» Problem to solve:
Lines from the first one down to the one containing "PROBEROS Катушка для" in the data below are the only ones needed; please return them exactly, both ends included.

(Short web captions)
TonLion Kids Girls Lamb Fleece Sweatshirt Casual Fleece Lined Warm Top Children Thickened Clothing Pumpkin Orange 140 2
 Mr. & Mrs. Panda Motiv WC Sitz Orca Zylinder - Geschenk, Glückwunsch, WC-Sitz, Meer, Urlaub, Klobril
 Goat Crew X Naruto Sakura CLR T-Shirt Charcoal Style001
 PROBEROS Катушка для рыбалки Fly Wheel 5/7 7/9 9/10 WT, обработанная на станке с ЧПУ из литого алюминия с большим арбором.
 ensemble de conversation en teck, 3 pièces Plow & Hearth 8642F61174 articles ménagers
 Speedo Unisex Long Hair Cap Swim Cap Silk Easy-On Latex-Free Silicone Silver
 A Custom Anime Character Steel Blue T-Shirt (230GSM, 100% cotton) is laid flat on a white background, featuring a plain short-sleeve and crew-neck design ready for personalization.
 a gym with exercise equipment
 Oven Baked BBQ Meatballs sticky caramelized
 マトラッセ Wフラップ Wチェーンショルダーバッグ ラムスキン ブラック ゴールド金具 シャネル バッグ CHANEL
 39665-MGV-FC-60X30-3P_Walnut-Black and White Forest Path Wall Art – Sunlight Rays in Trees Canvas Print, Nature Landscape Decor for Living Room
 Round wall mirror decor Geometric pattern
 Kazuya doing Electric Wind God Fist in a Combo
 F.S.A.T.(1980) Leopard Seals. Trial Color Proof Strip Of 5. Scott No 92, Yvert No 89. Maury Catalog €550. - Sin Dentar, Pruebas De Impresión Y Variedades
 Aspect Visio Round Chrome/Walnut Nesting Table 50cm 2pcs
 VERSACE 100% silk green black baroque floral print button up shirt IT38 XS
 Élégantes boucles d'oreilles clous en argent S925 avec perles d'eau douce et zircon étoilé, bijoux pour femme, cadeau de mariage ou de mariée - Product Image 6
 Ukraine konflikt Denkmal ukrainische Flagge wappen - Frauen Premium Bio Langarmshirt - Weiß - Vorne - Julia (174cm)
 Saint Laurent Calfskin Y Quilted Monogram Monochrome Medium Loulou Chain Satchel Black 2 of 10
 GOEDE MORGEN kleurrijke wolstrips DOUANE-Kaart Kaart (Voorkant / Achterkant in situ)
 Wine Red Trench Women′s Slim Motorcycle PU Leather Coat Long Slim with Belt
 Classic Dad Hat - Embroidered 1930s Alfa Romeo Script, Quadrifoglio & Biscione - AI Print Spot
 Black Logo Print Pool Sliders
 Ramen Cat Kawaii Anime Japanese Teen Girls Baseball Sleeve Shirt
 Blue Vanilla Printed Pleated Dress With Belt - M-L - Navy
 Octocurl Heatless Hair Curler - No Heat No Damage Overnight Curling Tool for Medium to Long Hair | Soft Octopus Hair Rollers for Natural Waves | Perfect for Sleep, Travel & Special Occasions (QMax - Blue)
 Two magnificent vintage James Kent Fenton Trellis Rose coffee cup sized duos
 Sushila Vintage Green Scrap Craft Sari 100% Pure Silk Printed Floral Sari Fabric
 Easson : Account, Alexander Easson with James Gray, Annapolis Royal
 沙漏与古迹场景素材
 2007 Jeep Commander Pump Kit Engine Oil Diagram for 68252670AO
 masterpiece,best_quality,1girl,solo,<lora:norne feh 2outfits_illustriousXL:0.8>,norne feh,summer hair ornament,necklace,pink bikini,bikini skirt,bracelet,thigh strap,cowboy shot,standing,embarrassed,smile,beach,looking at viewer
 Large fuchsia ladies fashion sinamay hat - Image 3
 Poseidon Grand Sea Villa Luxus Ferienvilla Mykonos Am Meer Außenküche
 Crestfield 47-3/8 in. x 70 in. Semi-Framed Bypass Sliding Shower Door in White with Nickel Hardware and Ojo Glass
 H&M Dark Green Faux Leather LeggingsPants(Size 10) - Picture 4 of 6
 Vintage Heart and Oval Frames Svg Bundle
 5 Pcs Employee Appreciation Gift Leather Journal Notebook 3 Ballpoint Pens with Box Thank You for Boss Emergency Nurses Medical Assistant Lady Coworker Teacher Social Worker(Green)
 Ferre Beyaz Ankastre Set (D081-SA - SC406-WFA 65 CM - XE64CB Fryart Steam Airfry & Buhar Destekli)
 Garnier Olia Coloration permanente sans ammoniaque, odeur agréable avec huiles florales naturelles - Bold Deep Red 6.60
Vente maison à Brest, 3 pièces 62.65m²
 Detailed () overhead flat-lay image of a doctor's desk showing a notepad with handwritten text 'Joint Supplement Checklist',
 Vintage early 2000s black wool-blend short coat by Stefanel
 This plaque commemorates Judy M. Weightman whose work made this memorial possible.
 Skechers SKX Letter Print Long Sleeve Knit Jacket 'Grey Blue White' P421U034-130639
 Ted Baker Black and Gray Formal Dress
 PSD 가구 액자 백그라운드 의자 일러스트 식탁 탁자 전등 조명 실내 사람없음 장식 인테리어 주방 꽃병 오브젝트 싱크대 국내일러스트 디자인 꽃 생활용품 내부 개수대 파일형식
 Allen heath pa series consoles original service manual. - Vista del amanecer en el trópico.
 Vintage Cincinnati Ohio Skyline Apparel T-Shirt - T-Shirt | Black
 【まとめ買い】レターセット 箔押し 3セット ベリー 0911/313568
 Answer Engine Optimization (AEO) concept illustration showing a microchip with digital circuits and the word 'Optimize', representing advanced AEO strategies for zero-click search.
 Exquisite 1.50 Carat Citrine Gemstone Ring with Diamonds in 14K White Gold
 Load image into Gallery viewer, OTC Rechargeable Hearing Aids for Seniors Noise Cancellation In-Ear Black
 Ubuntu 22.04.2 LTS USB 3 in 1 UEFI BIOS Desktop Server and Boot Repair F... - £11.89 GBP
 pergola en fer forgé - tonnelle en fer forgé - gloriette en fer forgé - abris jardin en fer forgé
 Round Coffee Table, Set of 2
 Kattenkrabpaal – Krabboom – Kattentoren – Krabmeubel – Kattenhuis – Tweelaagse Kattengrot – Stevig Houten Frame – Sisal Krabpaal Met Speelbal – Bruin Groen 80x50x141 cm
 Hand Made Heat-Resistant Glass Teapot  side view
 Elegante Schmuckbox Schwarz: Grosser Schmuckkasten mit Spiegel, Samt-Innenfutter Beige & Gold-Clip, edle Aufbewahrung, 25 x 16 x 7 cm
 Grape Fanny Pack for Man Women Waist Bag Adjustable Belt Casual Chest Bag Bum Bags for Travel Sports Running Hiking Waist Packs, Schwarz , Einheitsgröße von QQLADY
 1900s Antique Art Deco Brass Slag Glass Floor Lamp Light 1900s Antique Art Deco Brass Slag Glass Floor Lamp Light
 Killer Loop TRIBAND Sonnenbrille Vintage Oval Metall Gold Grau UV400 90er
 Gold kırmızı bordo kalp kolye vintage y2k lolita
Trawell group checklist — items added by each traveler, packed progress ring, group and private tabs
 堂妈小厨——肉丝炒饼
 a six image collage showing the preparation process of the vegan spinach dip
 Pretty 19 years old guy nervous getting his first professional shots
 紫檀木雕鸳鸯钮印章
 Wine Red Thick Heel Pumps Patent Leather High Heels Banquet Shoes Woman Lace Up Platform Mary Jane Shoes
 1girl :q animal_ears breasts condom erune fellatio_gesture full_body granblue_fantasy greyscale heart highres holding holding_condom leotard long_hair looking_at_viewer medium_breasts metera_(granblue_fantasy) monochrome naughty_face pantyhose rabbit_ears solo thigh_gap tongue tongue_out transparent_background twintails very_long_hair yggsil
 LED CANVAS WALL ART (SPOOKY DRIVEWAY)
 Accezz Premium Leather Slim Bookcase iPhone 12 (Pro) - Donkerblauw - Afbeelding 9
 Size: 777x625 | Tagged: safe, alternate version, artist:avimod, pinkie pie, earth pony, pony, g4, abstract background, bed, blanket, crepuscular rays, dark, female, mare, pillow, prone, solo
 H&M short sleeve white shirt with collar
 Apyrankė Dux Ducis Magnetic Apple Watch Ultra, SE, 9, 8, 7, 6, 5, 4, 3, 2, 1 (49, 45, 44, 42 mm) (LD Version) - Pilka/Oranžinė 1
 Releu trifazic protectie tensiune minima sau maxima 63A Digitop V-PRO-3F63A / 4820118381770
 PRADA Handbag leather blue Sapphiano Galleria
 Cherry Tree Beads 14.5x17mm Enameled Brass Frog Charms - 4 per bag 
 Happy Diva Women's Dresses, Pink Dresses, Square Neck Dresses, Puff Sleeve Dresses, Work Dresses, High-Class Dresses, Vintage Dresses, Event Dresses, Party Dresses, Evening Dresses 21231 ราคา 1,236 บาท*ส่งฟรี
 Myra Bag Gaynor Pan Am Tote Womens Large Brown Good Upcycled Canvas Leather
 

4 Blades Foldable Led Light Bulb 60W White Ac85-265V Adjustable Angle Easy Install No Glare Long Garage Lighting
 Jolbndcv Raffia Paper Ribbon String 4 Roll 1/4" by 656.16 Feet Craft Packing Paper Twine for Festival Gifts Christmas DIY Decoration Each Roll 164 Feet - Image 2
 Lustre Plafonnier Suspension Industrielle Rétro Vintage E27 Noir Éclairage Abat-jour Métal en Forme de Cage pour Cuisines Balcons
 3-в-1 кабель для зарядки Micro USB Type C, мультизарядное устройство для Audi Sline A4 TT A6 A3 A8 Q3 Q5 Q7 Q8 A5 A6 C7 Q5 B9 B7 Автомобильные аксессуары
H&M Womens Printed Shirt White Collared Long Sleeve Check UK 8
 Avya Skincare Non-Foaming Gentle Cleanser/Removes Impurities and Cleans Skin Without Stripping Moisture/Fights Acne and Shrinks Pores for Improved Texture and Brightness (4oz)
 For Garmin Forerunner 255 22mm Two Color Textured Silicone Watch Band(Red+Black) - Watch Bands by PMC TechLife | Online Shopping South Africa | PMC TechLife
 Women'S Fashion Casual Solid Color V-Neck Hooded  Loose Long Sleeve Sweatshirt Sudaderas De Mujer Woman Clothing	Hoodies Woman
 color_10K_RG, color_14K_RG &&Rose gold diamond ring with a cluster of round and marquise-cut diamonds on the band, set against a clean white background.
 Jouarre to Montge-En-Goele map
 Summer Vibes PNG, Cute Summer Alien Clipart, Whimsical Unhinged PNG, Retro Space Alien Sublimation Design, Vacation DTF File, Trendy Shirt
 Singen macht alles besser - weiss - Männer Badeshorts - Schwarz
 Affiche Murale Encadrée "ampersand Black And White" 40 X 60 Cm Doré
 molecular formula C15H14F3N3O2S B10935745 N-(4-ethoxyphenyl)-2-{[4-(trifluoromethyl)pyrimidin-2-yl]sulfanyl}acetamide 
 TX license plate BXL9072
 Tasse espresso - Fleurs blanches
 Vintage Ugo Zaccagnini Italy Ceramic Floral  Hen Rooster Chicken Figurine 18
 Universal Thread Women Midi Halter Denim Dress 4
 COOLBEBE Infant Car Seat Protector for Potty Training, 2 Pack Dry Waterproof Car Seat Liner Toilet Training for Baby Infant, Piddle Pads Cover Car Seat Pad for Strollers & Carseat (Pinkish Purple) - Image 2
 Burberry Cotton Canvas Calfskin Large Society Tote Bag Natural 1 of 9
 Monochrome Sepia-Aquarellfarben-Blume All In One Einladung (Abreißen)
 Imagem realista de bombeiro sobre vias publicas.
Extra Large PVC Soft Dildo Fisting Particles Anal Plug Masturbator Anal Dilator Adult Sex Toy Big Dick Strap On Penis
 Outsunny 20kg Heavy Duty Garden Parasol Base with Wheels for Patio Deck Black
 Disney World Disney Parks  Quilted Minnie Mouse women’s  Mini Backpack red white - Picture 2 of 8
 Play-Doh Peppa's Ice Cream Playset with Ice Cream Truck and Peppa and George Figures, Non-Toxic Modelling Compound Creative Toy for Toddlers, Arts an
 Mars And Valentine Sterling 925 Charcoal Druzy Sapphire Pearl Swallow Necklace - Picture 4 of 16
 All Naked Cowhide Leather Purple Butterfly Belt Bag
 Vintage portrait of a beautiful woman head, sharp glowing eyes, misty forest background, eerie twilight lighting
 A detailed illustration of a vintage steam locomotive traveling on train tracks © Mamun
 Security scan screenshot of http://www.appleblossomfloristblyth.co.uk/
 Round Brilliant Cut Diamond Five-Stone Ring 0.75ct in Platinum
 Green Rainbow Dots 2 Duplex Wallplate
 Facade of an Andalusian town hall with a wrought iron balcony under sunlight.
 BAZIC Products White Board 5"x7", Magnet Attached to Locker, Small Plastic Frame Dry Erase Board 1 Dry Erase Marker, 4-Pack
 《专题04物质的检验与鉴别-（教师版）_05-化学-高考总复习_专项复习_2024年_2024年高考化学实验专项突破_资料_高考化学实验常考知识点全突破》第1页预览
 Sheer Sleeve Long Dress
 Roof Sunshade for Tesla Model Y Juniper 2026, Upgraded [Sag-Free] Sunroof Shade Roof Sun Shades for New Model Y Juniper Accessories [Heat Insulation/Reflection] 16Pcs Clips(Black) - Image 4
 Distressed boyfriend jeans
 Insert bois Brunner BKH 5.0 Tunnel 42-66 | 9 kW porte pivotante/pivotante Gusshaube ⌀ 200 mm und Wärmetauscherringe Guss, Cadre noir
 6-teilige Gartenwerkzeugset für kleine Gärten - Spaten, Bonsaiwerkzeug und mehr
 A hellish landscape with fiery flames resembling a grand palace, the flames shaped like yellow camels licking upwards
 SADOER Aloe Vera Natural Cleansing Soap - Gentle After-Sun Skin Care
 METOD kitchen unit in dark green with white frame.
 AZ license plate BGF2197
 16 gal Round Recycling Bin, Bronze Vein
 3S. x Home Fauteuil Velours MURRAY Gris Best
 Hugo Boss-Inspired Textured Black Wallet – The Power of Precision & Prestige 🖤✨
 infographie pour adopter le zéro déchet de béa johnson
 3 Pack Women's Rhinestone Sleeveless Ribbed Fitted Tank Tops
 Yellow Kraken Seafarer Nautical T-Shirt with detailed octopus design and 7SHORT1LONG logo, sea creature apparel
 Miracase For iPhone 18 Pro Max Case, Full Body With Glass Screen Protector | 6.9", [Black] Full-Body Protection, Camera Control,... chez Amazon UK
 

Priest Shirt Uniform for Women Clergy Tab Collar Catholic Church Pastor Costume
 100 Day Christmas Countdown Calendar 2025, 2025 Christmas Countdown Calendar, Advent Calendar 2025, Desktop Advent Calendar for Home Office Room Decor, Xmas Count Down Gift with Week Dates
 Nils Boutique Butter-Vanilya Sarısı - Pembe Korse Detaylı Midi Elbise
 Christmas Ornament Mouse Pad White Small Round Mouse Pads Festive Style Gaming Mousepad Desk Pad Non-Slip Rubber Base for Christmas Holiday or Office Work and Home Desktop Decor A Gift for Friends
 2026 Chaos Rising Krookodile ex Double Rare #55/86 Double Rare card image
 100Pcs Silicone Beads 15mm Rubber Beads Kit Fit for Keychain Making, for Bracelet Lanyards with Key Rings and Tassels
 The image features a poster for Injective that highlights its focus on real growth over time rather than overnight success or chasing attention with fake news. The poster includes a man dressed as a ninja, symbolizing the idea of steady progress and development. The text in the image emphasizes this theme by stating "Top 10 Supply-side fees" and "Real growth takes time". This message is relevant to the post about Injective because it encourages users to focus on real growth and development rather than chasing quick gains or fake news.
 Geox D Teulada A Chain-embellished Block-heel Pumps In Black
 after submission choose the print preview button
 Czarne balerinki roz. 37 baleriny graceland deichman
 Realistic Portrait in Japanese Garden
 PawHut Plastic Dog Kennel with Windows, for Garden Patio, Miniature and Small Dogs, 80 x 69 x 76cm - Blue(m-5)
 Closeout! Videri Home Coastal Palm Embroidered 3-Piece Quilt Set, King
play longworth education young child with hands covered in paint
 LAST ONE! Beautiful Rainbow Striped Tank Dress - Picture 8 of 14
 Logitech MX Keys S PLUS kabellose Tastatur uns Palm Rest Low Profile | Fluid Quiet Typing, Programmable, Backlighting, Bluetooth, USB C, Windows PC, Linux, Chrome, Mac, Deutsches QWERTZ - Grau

» Response to the task:
TonLion Kids Girls Lamb Fleece Sweatshirt Casual Fleece Lined Warm Top Children Thickened Clothing Pumpkin Orange 140 2
 Mr. & Mrs. Panda Motiv WC Sitz Orca Zylinder - Geschenk, Glückwunsch, WC-Sitz, Meer, Urlaub, Klobril
 Goat Crew X Naruto Sakura CLR T-Shirt Charcoal Style001
 PROBEROS Катушка для рыбалки Fly Wheel 5/7 7/9 9/10 WT, обработанная на станке с ЧПУ из литого алюминия с большим арбором.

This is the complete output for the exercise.